This is my friend, this machine. I love it very much and now I’m a little bit worried.
[We go downstairs to the café where he continues to toy with his camera.]
TM: In this work of fiction, Every Day Is for the Thief, you are describing objects that were never there. So when I read this work of fiction and see these photographs, suggesting you are taking pictures of real things…it’s jarring.
TC: Well the thing you are reading was not made out of whole cloth. Already a lot of what you are reading leans toward memoir. But you know a lot of it must have been made up, not just because of the label, but because of some of the texture of the recollection. It is too precise not to be made up in some way. There are a number of coincidences in this book that almost nobody picks up that I’m embedding inside the text. So then you’re struggling. “It’s reading a lot like a memoir, but I want it to be fiction because it says it’s fiction.” And then you see these photos and it seems someone went on a trip and took these photos.
[Points to picture of a goat on the street, which relates to a passage in the book.] I’m not trying to pat myself on the back, but…I didn’t have to set that up. It’s a street photo. It was by chance and by patience and just by the way anyone makes a street photograph that’s worth keeping. One thing I’ll say about this photograph is that this photograph appeared about seven years after the text, but it wasn’t posed. It is a street scene from Lagos. [These photographs] are also works of fiction.
TM: [One passage in the book describes a lynching, a filming of which circulated on VHS tapes.] You can’t photograph a lynching.
TC: I could go out and photograph a lynching, but that’s not what I want to do. You see this and you see that.
TM: No, you couldn’t do a lynching. Not in this book.
TC: Well maybe not here in the U.S.
TM: Well not in this book. It wouldn’t be acceptable.
TC: To whom? Maybe Random House would not want to publish it for its own reasons. But I totally could. You don’t understand what it’s like on the street over there.
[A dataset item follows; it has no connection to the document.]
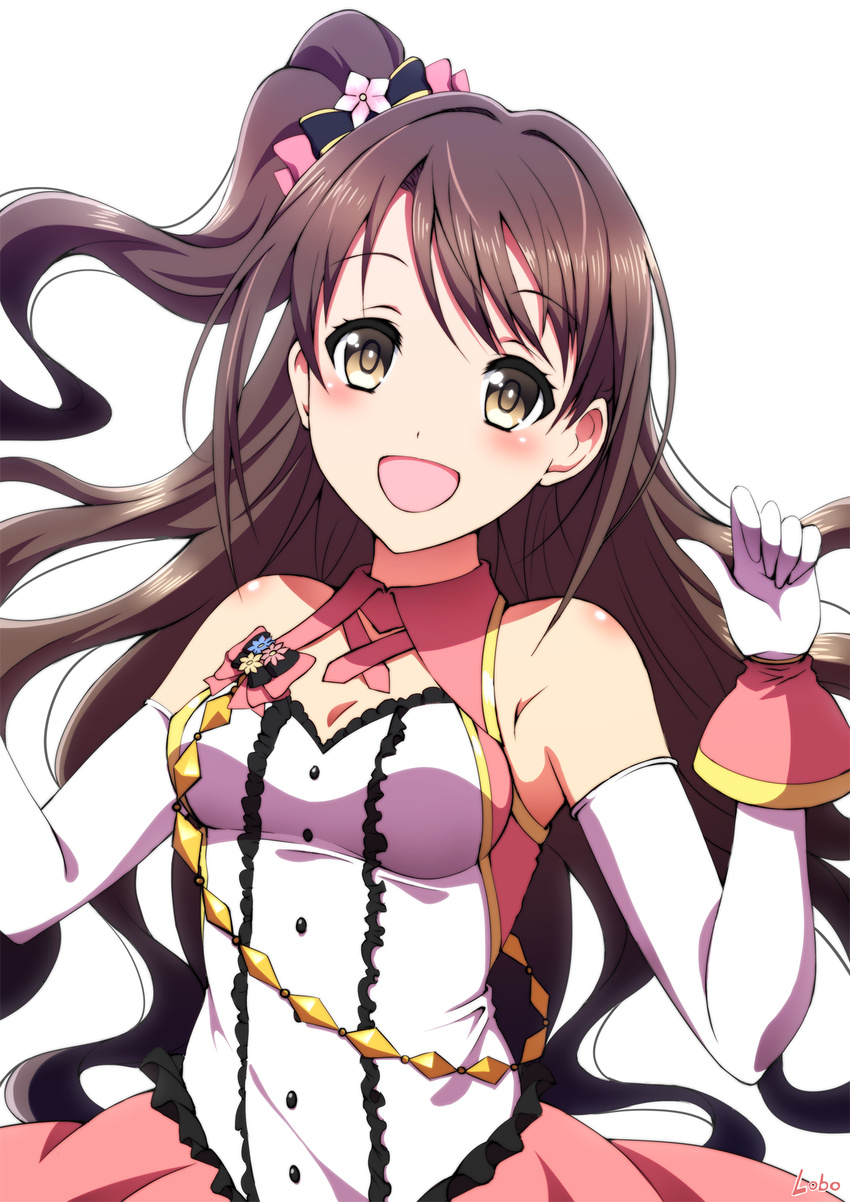 brown_eyes brown_hair commentary_request elbow_gloves female gloves highres idolmaster idolmaster_cinderella_girls idolmaster_cinderella_girls_starlight_stage long_hair one_side_up ookami_maito open_mouth shimamura_uzuki solo stage_of_magic_(idolmaster)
You have never driven down the street and seen a body decomposing for three days. It’s inconceivable. It’s not inconceivable in Lagos. And nothing would stop me from leaning out of a car and taking that picture. And you can go on YouTube and see lynchings.
TM: Yes, but you still wouldn’t put it in the book.
TC: The reason I wouldn’t put it in the book is because it wouldn’t function psychologically the way I want it to function in the book.
TM: Exactly, that’s what I’m getting at. Everything else is much more emotive.
TC: That’s right. Most of the photos in this book are anti-spectacular pictures.
TM: The photographic evidence of a child being lynched here would be assaultive.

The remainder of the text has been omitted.